The beautiful juvenile Harbor Seal was found on a foggy morning in midsummer. The seal was beached at the high tide line and its breathing was heavy and labored. It had no interest in returning to the water and needed only to remain at rest.
For the next six hours the seal struggled to survive the world of curious humans.
Learn what to do if you find a seal on the beach.
Written, produced, edited, cinematography, and narration by Kim Smith.
The Good Harbor Beach Seal PSA was created because of the lack of understanding on the part of my my fellow beachgoers on how to mangae a seal encounter. Please help get the word out and please forward the link to friends and neighbors in other communities, whether or not the community is located by the sea. It was the folks from out of town that did not understand that the seal needed simply to be left alone. Thank you!
Although the Good Harbor Seal was not injured, help was needed with the gathering crowd. I called our local police, who in turn sent Lieutenant Roger Thurlow from the Environmental Police. Has anyone had experience with a marine stranding, and if so, is the following the best number to call: Northeast Region Marine Mammal and Sea Turtle Stranding and Entanglement Hotline ~ 866-755-6622? I will post your hotline recommendations here.

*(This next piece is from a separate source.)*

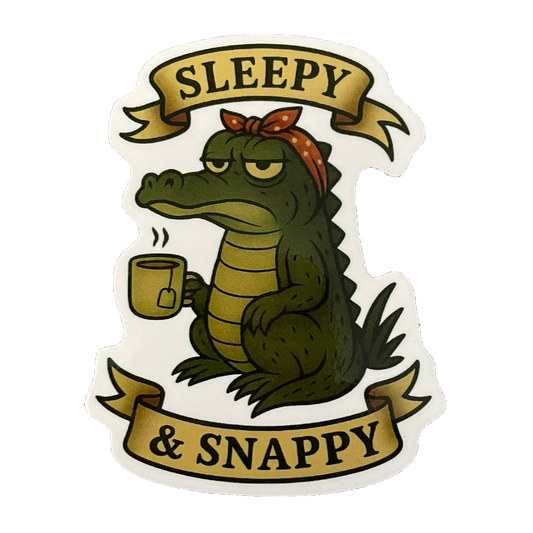 Sticker of a crocodile holding a mug with 'Sleepy & Snappy' text on a white background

Technical note–The video was filmed without a tripod because I was afraid the tripod would look like a gun and didn’t want to further stress the seal. After reading more about Harbor Seals, I learned that their big brown eyes are particularly adapted to sight in murky water (i.e. harbor waters), but that their eyesight is not that good on land. In retrospect, I don’t think that the seal would have associated the tripod with a weapon. Also, I filmed at a distance much further away than my camera’s capabilities, which caused much vignetting around the edges of many of the clips. I didn’t want to stand close to the seal and be the filmmaker-who-becomes-part-of-the-problem, and not the solution.